Sponsored by Lookout Inc.
@headius
Copy link
Member

headius commented Oct 5, 2015

The general case of two threads requiring two files in opposite order can't be fixed. This is a flaw in how Ruby locks around files, and it's possible to deadlock CRuby in the same way. The only fix for that would be to have a single global lock for all requires, serializing them across all threads.

I suspect that the autoload deadlock may just be another flavor of the same problem.

I'm looking over the fixes @mkristian made in #3370 and I am confused about a few things:

  • Switching to a reentrant lock should not make any difference; Java's object monitor synchronization is already reentrant.
  • The logic appears to spin for a few attempts to lock the ctxLock, but I don't see what it does if it is unable to acquire the lock during that time.

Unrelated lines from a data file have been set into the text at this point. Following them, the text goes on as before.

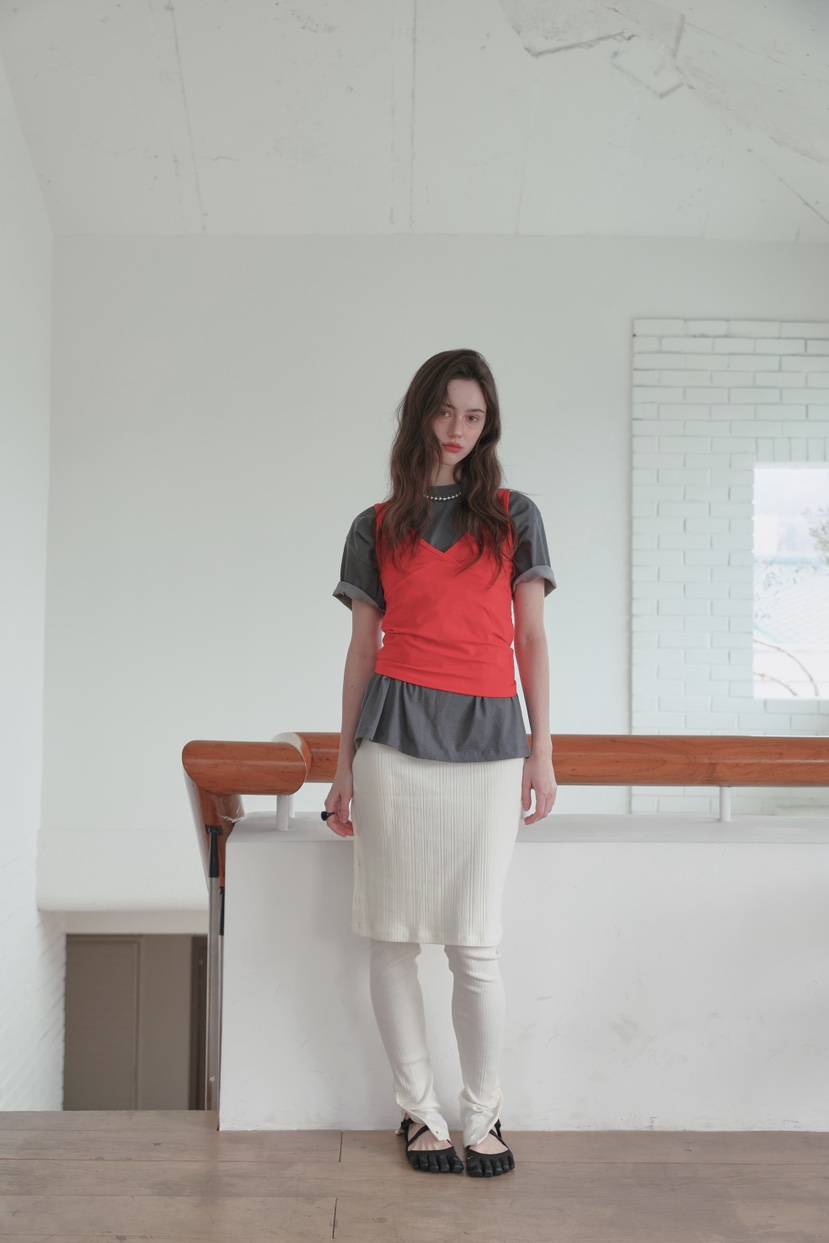 MURMUR韓國直郵女士新品職業時尚26春夏熱賣人氣真品裙褲MURMUR裙褲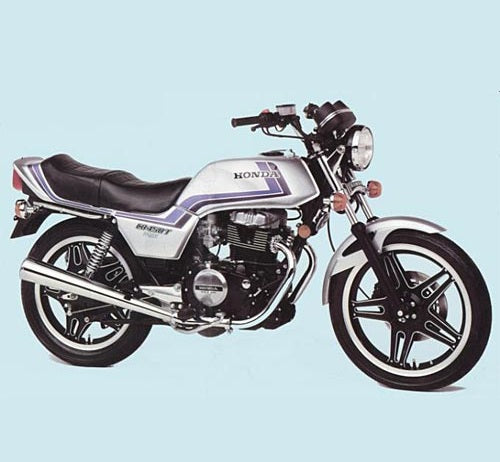 1982-1985 Honda CB450T Service Manual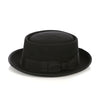 Men Classic Pork Pie Hat-MSD32 - Church Suits For Less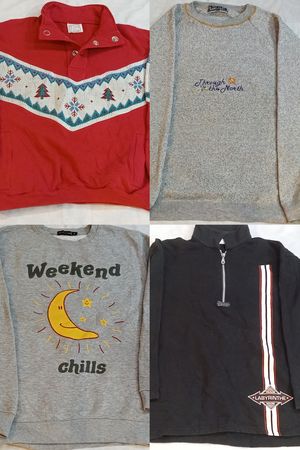 スウェットシャツ 30枚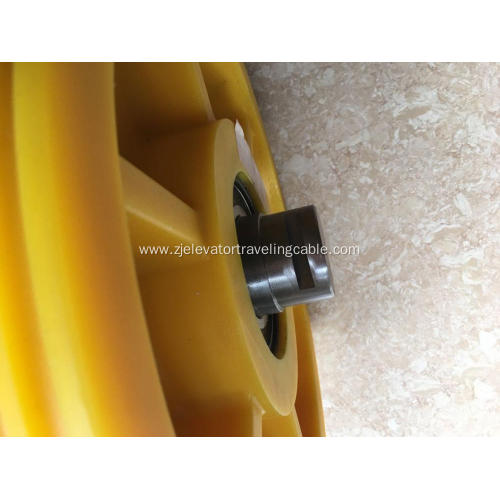 Car Top Pulley for ThyssenKrupp Elevators 400*7*8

If the spinning eventually just gives up, that's not proper semantics because the file in question has not been loaded. I suspect it "fixes" the deadlock because the failed thread will now back all the way out of its locks, allowing the other thread to proceed.

@mkristian
Copy link
Member

running those two "test" with MRI there are no deadlocks but with warning enabled you see

/usr/local/Cellar/ruby/2.2.3/lib/ruby/2.2.0/rubygems/core_ext/kernel_require.rb:54: warning: loading in progress, circular require considered harmful - /Users/cmeier/projects/active/jruby/deadlock/test2/class_a.rb
    from dltest.rb:10:in  `block in <main>'
    from /usr/local/Cellar/ruby/2.2.3/lib/ruby/2.2.0/rubygems/core_ext/kernel_require.rb:54:in  `require'
    from /usr/local/Cellar/ruby/2.2.3/lib/ruby/2.2.0/rubygems/core_ext/kernel_require.rb:54:in  `require'
    from /Users/cmeier/projects/active/jruby/deadlock/test2/class_b.rb:2:in  `<top (required)>'
    from /usr/local/Cellar/ruby/2.2.3/lib/ruby/2.2.0/rubygems/core_ext/kernel_require.rb:54:in  `require'
    from /usr/local/Cellar/ruby/2.2.3/lib/ruby/2.2.0/rubygems/core_ext/kernel_require.rb:54:in  `require'

i.e. warning: loading in progress, circular require considered harmful for both examples.

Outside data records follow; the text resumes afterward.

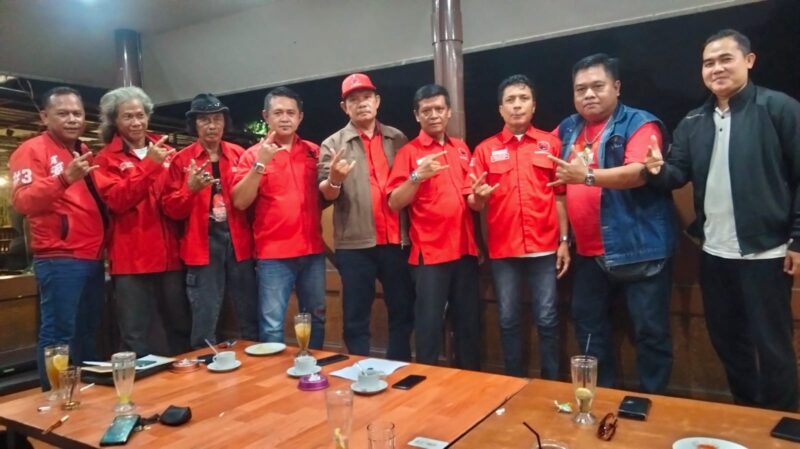 Para Ketua Pimpinan Anak Cabang PAC se-Kota Tangerang, berkumpul di RM Kawali Babakan, Kota Tangerang.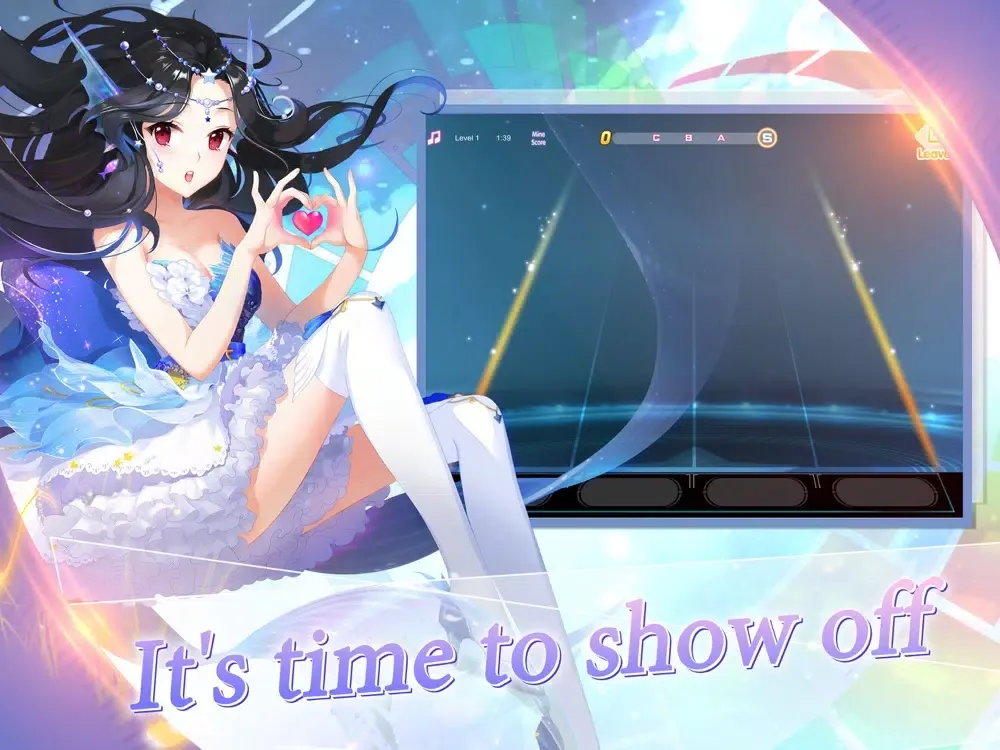 Tangkapan skrin Idol Party - Rhythm Kingdom iPad 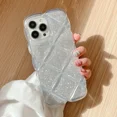 thumbnail image 1 of Funda Para iPhone Invierno Acolchada Protección Cámara +mica, 1 of 8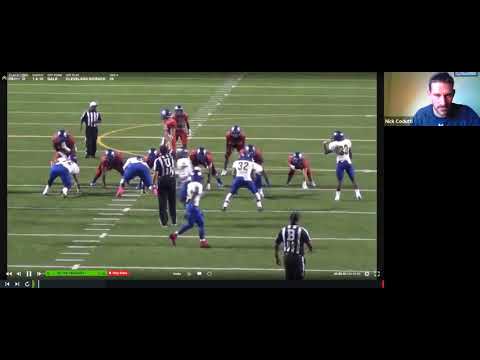 Understanding the Wide Zone Running Play: Insights from NFL and College Football Coaching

with #3370 jruby produces:

/Users/cmeier/projects/active/jruby/lib/ruby/stdlib/rubygems/core_ext/kernel_require.rb:54: warning: loading in progress, circular require considered harmful - /Users/cmeier/projects/active/jruby/deadlock/test2/class_c.rb
             require at org/jruby/RubyKernel.java:939
             require at /Users/cmeier/projects/active/jruby/lib/ruby/stdlib/rubygems/core_ext/kernel_require.rb:54
               <top> at /Users/cmeier/projects/active/jruby/deadlock/test2/class_b.rb:3
             require at org/jruby/RubyKernel.java:939
              (root) at /Users/cmeier/projects/active/jruby/lib/ruby/stdlib/rubygems/core_ext/kernel_require.rb:1
  block in dltest.rb at dltest.rb:10

I learned that this deadlock situation can not be solved without having a global require lock - but MRI needs to be first doing it.

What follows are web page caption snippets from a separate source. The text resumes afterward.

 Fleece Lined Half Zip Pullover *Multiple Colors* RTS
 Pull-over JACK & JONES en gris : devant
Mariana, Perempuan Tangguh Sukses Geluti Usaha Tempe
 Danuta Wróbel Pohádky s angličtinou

@bignacio probably a "wont fix" but for me getting closer to MRI would help.

@bignacio
Copy link
Author

bignacio commented Oct 9, 2015

@mkristian Thanks for looking into this.

I'd risk proposing a scenario where a deadlock could happen even with a global require lock - given the fact you can require anytime, anywhere in your code.

# file1.rb
def do_something
  some_global_mutex.synchronize {
    require 'file2'
  }
end

# file2.rb
require 'file3'

# file3.rb
some_global_mutex.synchronize {
  require 'file1'
}

now, this example is pure bad coding but perhaps in a more complex sequence of requires, using third-party code, the unadvised developer could run into cases like this.

It's a tough problem to solve properly and elegantly and still support the same functionalities.

@headius
Copy link
Member

headius commented Oct 22, 2015

@bignacio Assuming those were not mutexes but instead monitors (reentrant locking) there's no deadlock here. The second synchronize in "file3" would have been acquired already.

It also would not deadlock with multiple threads, since only the first thread to acquire the lock would continue to finish its loading.

The only place where a single require lock would cause the system to deadlock is when a require or load never returns. For example, a server that you start by requiring a file.

I don't know how common this is in Ruby-land, but I'd hope it's pretty rare.

@headius
Copy link
Member

headius commented Aug 19, 2016

I'm sorry, we need to revert this change and reexamine the problem. This change causes require to allow all contending threads to proceed without waiting for a require to complete (#4091).

And my initial re-examination of this bug points out a big problem to me: if two threads require two files in different orders, and those files depend on each other, there's no way to avoid a deadlock under the current model of Ruby require locking. So this bug may be a correct behavior of Ruby as it stands today.

@headius headius reopened this Aug 19, 2016
@headius
Copy link
Member

headius commented Aug 19, 2016

Specifically, in this example it is not possible to be thread-safe: #3341 (comment)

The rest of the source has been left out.